Overview
The normal flow of deployment goes through stages. Depending on your environment, you may have more or fewer stages.
Development > Test > Production
Developer Workflow
During development and test you may find problems with the original SQL scripts that were packaged and deployed to test. A failed test might indicate a need to remove or replace changesets that were deployed to Test and make adjustments in the Development environment. These adjustments might require the developer to:
- Ignore a changeset - Abandon changeset in place and prevent it from being deployed further. If needed, you can recover it (unignore) later.
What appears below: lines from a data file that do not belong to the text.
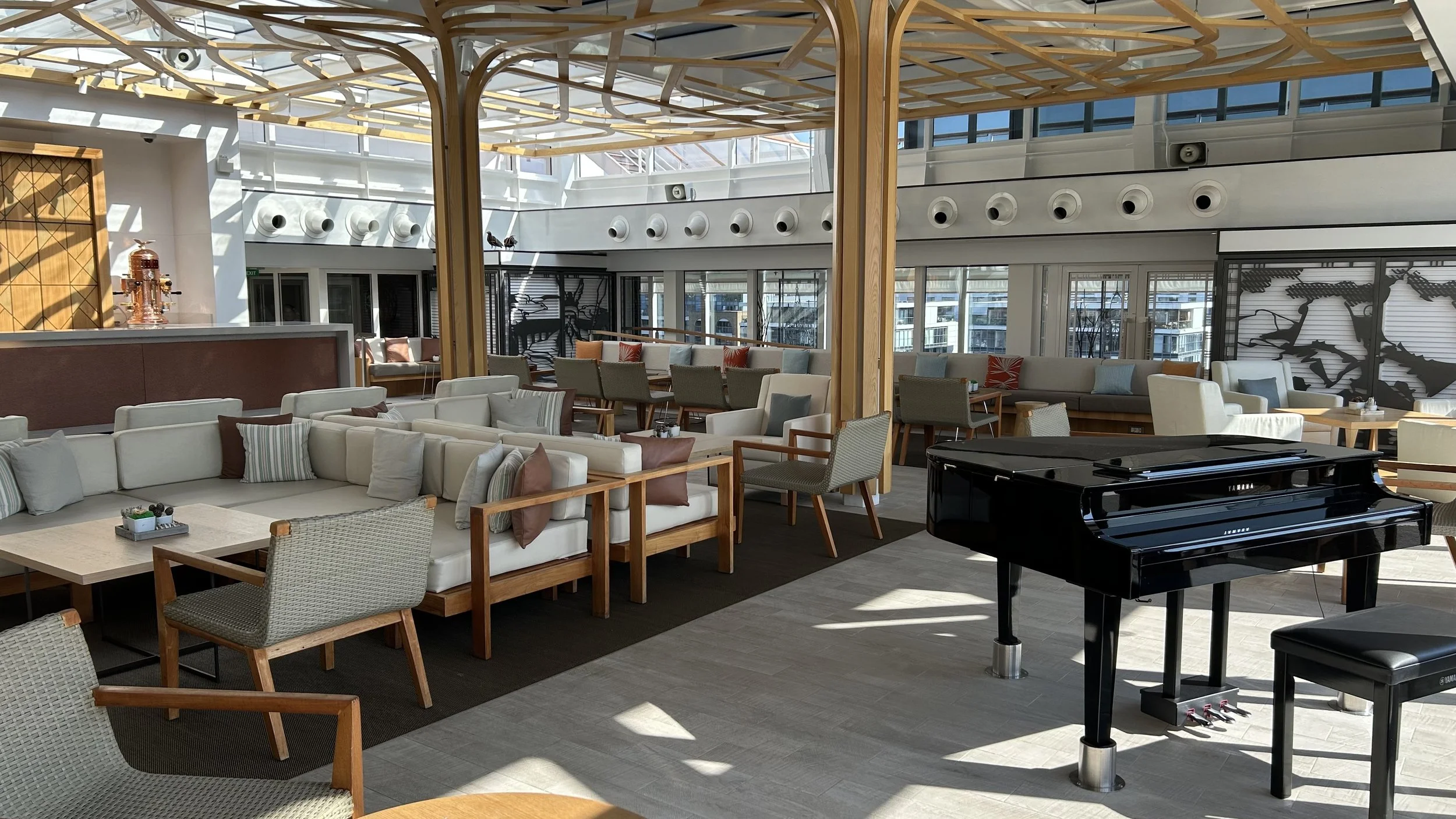 The-Wintergarden looking passed the baby grand piano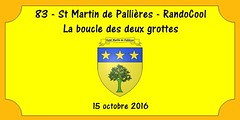 83 - Saint Martin de Pallières - RandoCool - La boucle des deux grottes - 15 octobre 2016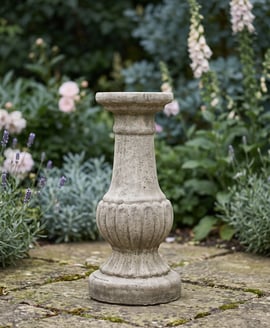 Victorian Stone Garden Pedestal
- Clean up a previously deployed changeset - Ignore deployed changeset, create changesets to clean up any changes that were created.
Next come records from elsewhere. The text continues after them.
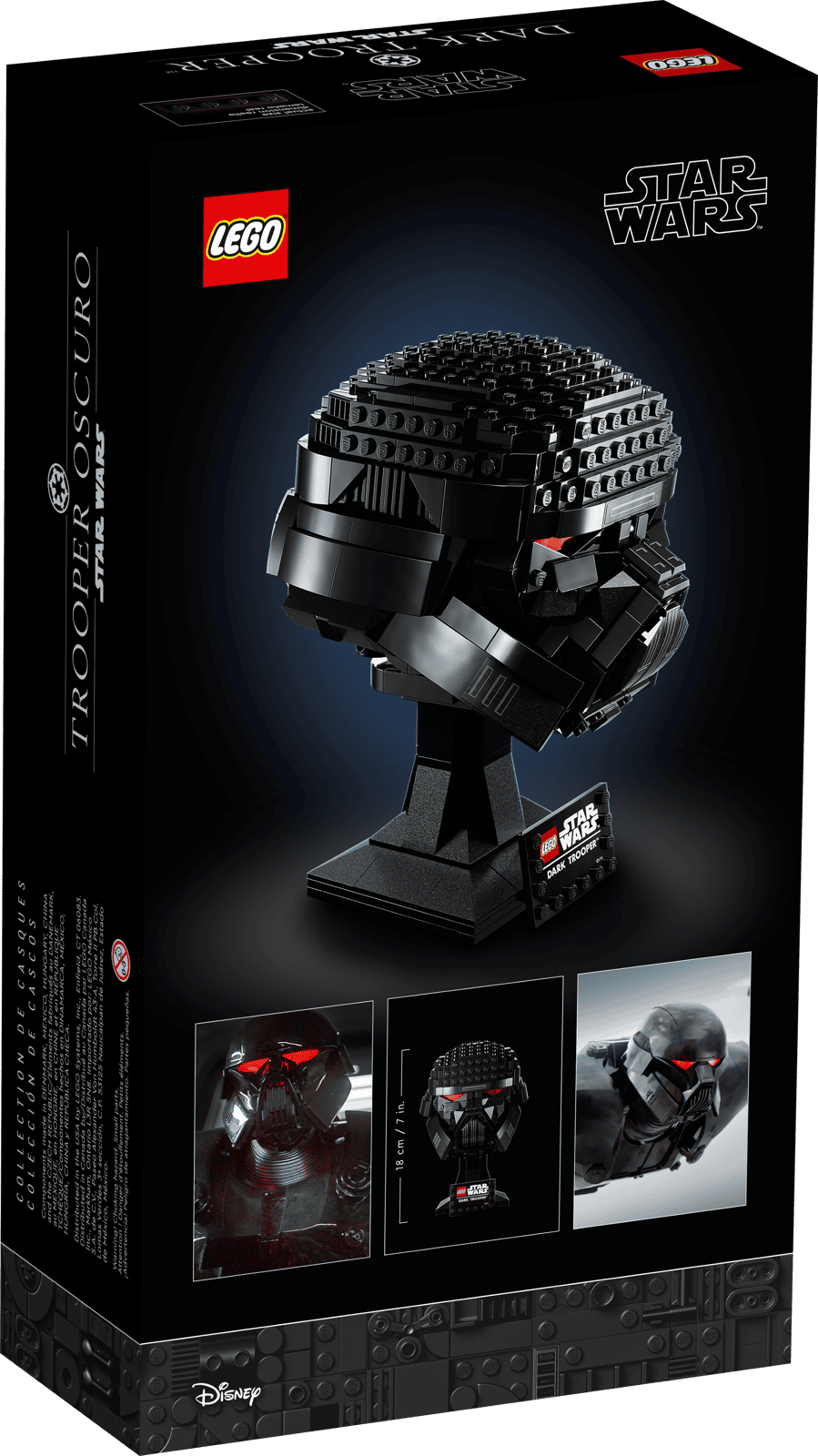 LEGO 75343 Dark Trooper Helmet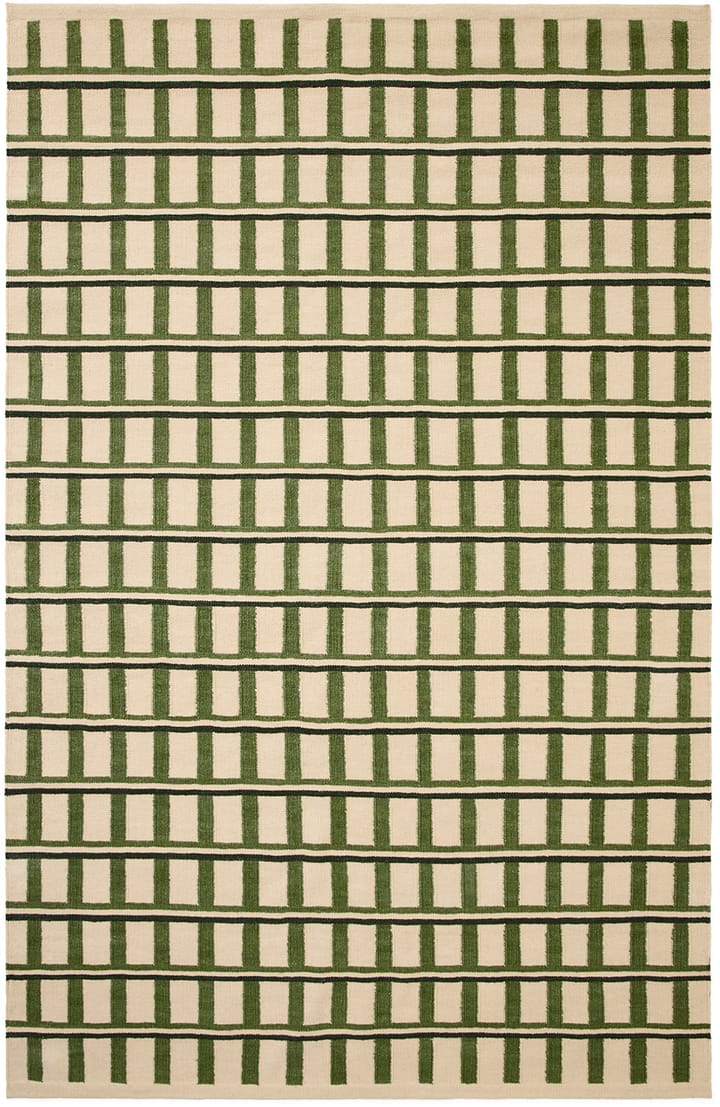 Tapis en laine Mysore - Off white-green-dark green, 180x270 cm - Chhatwal & Jonsson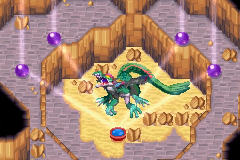 Beams of sunlight falling on the sleeping dragon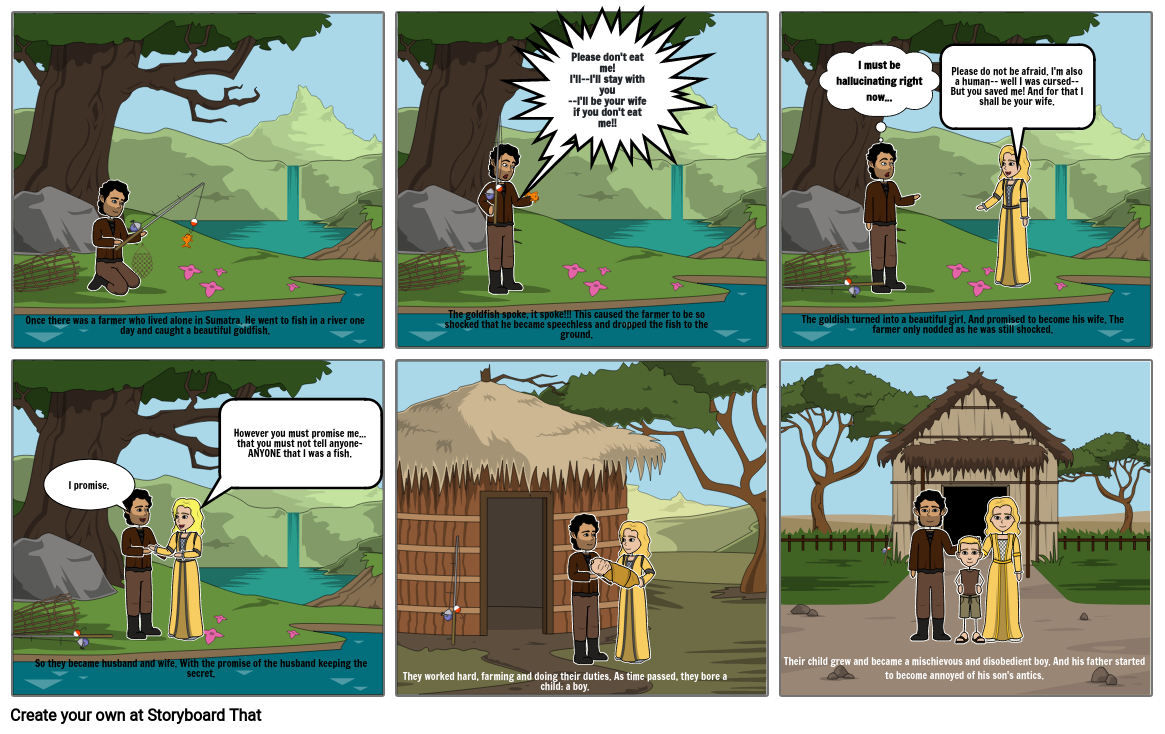 The Legend Of Lake Tabo Storyboard By Memez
- Replace a previously deployed changeset - Replace the changes in a changeset with other changes. This usually implies running a cleanup first.
- Use versions with changesets - Deploy only the latest version of a changeset. This capability is intended for use with programmatic parts of the database (stored logic).
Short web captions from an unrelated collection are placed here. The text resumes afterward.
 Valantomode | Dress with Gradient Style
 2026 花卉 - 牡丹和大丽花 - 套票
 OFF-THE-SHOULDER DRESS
To enable this capabilty, new changeset attributes are added to all changesets generated from a SQL script.
Comparison to Rollback
The normal release workflow allows you to deploy and roll back changesets throughout a project pipeline. Rollbacks can be automatic for some changes or be performed by custom rollback scripts you supply. See /wiki/spaces/DDOC59/pages/795673649.
However, the development workflow is for making changes to the changesets (and other changesets they affect). When you use the -ignore, -cleanup, and -replace scripts, they mark the original changesets so that they are no longer deployed. Changes are anticipated at these stages in a pipeline. They are not expected in later stages.
See Rollback Script Handling for more information on how to work with existing rollback scripts in a development workflow.
Example: ignoring a deployed changeset.
To signal a change, you create a special file using the same base name as the original SQL script, apply a suffix (for example, -ignore), and place it in the same directory where you placed the original file.
invoice_columns.sql
invoice_columns-ignore.sql
When invoice_columns-ignore.sql
is processed, the ignore
attribute is set on all of the original changesets produced by invoice_columns.sql
. The changesets are no longer deployed.
Do not use more than one suffix when working in a development workflow (-ignore, -unignore, -replace, -cleanup, -rollback). For example, when you update a myscript-rollback
file, you update it in place. Do not create a myscript-rollback-replace
script. It causes an error during packaging.
When creating a new workflow file it is important to maintain file name casing that is consistent with the original file. MYSCRIPT-ignore.sql will not match myscript.sql.